*** Record excerpts
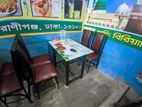 ১০ টি চেয়ার ও ৩ গ্লাস এর টেবিল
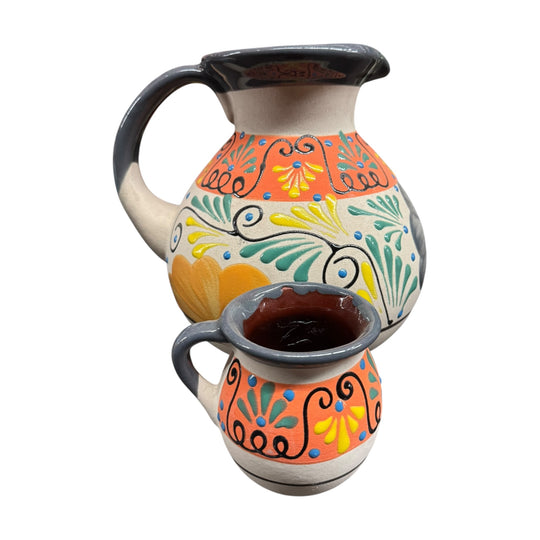 Clay Round Pitcher Set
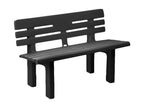 Banc d'extérieur Luxameub Banc de jardin Monoblocco Banc d'extérieur Made in Italy 110x52h71 cm Antracite HKLJ35012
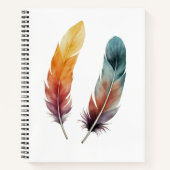 Two Feathers Spiral Notebook ノートブック (正面)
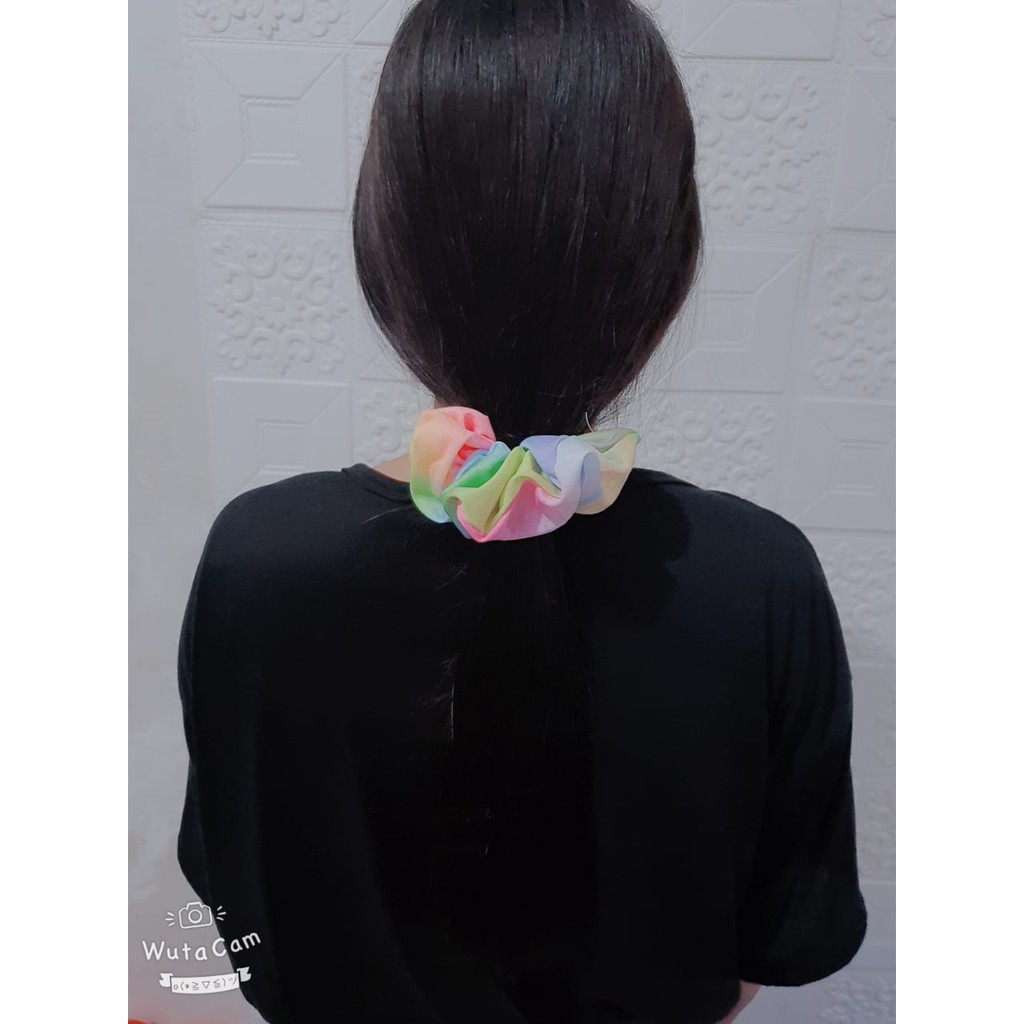 Ikat Rambut Ponytail Elastis  Scrunchie Korean style / Cepol Rambut  Wanita / Aksesoris Rambut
******
• What needs to be done: Omit every picture, then repeat the remaining data exactly as it appears above.

• Your response:
 ১০ টি চেয়ার ও ৩ গ্লাস এর টেবিল
 Clay Round Pitcher Set
 Banc d'extérieur Luxameub Banc de jardin Monoblocco Banc d'extérieur Made in Italy 110x52h71 cm Antracite HKLJ35012
 Two Feathers Spiral Notebook ノートブック (正面)
 Ikat Rambut Ponytail Elastis  Scrunchie Korean style / Cepol Rambut  Wanita / Aksesoris Rambut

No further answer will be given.